* Records to use *
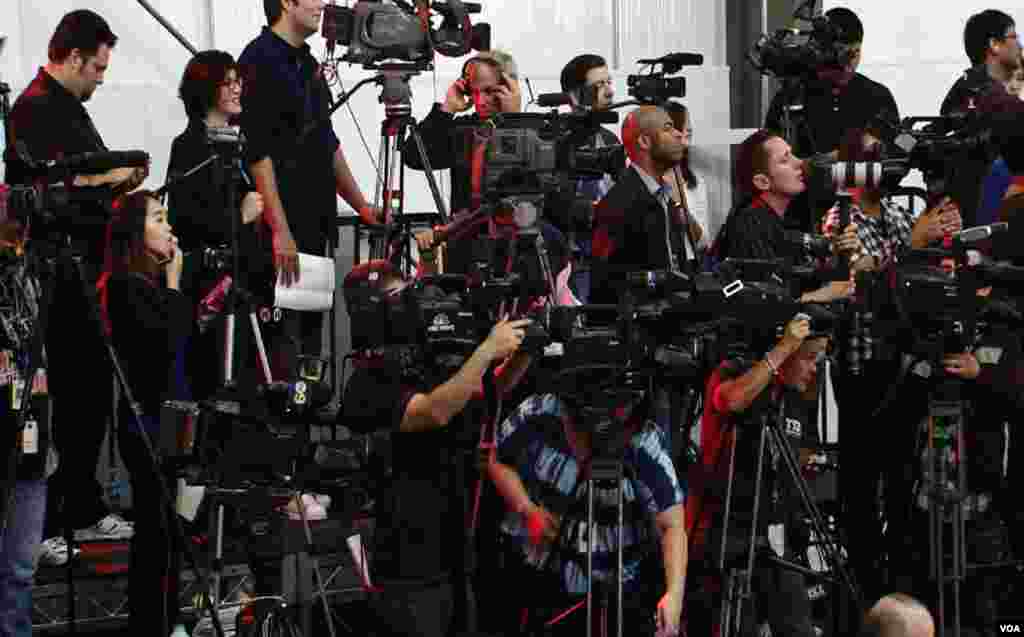 媒体争拍奋进号展览开张(美国之音包小祥拍摄)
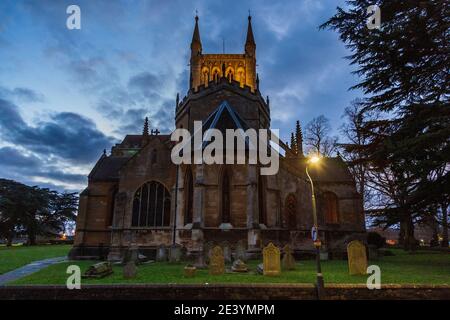 Una vista dall'est della chiesa di Pershore Abbey al tramonto in inverno, Worcestershire, Inghilterra Foto Stock
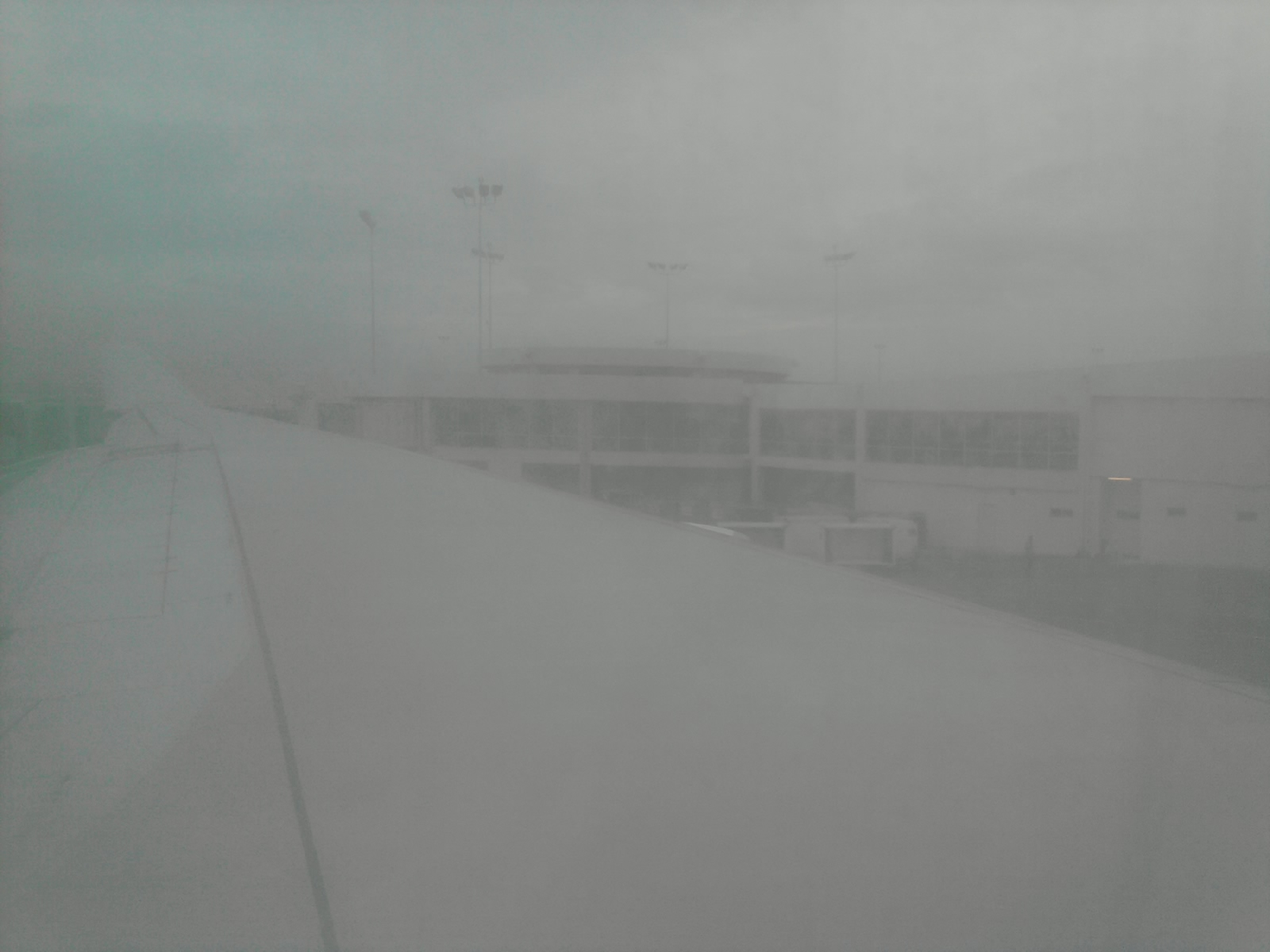 llegada a panama muy nublado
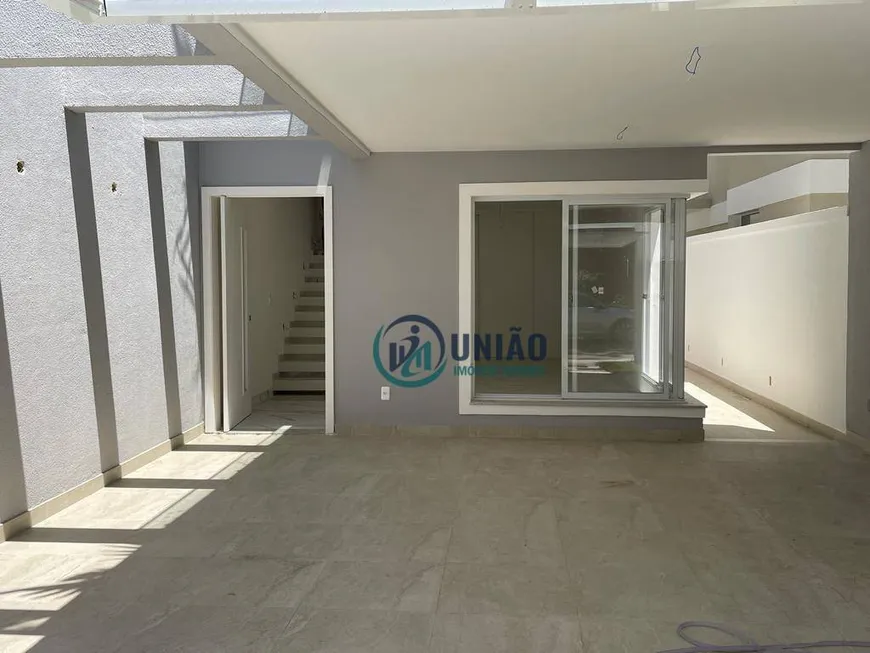 Foto 1 de Casa de Condomínio com 4 Quartos à venda, 170m² em Itaipu, Niterói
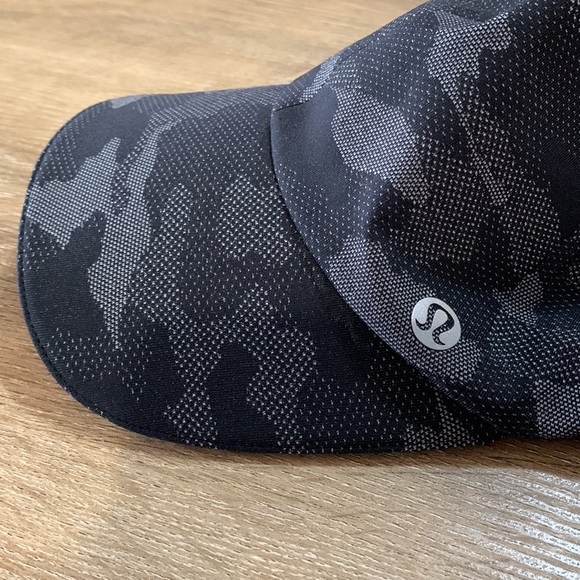Lululemon Camo Cap - Picture 2 of 4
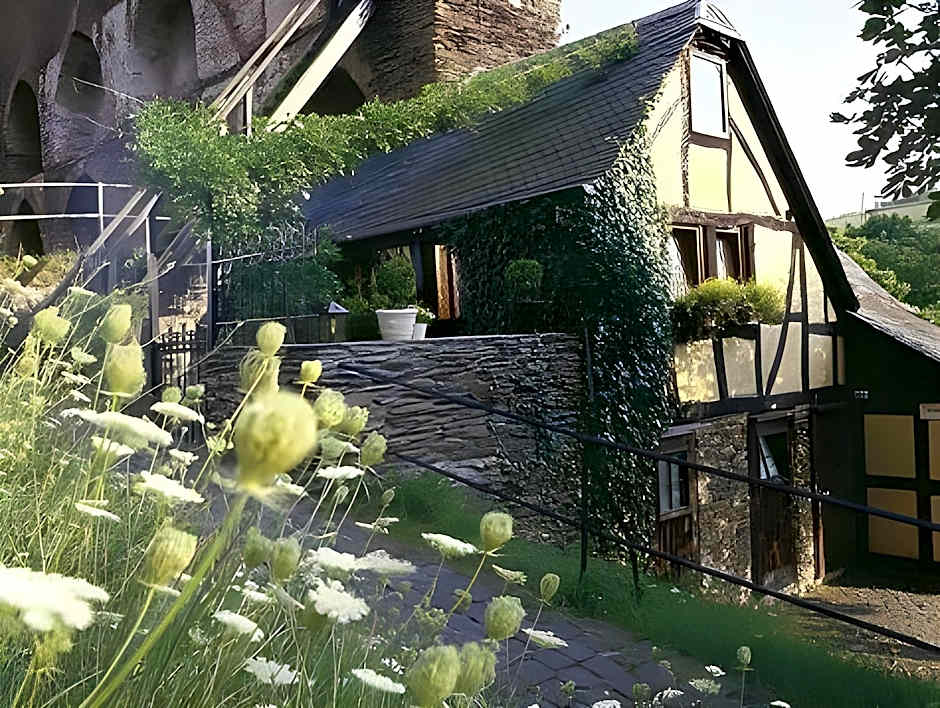 Burghotel auf Schonburg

* About this exercise *
Output each record above exactly as it stands, excluding all pictures.

* Result for this exercise *
 媒体争拍奋进号展览开张(美国之音包小祥拍摄)
 Una vista dall'est della chiesa di Pershore Abbey al tramonto in inverno, Worcestershire, Inghilterra Foto Stock
 llegada a panama muy nublado
 Foto 1 de Casa de Condomínio com 4 Quartos à venda, 170m² em Itaipu, Niterói
Lululemon Camo Cap - Picture 2 of 4
 Burghotel auf Schonburg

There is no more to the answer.